→ **PROBLEM DESCRIPTION**: Starting at the line with "MUY BUEN ESTADO" and going on through the line with "Salomon Hologram Snowboard", reproduce each line in the records below exactly and nothing more.

→ **EXCERPTED DATA**:
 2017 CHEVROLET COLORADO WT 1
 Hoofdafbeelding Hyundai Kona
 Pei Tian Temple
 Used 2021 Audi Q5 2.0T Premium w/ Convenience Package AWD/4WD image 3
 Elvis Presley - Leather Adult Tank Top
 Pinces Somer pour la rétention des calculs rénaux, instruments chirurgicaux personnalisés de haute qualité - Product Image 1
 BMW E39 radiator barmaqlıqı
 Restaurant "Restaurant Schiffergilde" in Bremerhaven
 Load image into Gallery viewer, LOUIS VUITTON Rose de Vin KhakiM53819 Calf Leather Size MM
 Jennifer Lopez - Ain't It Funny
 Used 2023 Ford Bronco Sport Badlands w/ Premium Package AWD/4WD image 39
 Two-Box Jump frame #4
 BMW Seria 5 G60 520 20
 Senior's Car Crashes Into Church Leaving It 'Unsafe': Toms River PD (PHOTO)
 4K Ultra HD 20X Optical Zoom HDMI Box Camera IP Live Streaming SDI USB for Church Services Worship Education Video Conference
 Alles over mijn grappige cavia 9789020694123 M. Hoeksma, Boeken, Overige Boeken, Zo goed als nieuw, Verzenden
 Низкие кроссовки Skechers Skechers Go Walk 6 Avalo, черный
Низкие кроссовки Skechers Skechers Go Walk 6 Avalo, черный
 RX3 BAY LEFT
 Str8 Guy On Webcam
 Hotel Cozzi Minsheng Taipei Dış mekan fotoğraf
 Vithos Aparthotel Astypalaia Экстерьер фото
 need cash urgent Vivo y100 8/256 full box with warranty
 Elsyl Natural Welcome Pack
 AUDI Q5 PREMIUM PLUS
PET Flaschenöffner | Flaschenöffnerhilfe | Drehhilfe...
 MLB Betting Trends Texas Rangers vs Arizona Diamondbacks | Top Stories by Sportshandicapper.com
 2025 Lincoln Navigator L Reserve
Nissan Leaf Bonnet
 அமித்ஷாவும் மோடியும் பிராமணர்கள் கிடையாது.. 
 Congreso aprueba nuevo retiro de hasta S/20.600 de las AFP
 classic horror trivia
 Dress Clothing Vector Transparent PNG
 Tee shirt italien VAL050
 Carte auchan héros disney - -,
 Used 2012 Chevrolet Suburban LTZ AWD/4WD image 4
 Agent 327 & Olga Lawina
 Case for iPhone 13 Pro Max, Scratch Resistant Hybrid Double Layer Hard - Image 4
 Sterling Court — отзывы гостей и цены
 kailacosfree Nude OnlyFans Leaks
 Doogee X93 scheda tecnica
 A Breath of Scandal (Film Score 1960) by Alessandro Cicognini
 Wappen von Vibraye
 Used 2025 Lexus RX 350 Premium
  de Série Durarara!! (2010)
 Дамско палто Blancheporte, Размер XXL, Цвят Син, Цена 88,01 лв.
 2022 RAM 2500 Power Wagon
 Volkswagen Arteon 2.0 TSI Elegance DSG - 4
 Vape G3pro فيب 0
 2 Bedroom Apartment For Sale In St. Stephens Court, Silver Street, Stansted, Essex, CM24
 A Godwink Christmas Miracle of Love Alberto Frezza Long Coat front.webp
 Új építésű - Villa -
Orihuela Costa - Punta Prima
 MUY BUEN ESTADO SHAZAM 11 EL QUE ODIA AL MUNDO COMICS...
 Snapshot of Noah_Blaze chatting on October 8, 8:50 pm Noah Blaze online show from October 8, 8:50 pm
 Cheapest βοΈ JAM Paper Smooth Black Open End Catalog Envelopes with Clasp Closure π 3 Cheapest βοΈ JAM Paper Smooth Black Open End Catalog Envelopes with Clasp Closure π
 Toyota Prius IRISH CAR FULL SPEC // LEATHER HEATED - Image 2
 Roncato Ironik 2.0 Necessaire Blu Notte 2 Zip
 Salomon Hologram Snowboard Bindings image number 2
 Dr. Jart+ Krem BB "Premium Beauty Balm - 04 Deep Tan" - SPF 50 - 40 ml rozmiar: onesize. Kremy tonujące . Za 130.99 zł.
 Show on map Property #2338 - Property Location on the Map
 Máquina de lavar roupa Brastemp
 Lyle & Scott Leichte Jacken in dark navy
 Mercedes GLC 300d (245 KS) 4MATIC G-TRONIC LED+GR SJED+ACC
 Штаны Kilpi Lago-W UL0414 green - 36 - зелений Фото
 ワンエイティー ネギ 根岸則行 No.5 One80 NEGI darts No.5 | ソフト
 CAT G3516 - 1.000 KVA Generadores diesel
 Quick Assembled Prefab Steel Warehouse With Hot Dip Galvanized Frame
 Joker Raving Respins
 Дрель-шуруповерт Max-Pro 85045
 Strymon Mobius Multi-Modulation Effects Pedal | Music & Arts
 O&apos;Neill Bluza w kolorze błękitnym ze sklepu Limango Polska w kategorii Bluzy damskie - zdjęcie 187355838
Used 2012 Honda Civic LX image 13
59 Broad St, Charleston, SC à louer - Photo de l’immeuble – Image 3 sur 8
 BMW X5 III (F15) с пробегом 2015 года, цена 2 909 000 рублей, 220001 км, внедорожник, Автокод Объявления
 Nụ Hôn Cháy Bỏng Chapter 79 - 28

→ **WRITTEN ANSWER**:
 MUY BUEN ESTADO SHAZAM 11 EL QUE ODIA AL MUNDO COMICS...
 Snapshot of Noah_Blaze chatting on October 8, 8:50 pm Noah Blaze online show from October 8, 8:50 pm
 Cheapest βοΈ JAM Paper Smooth Black Open End Catalog Envelopes with Clasp Closure π 3 Cheapest βοΈ JAM Paper Smooth Black Open End Catalog Envelopes with Clasp Closure π
 Toyota Prius IRISH CAR FULL SPEC // LEATHER HEATED - Image 2
 Roncato Ironik 2.0 Necessaire Blu Notte 2 Zip
 Salomon Hologram Snowboard Bindings image number 2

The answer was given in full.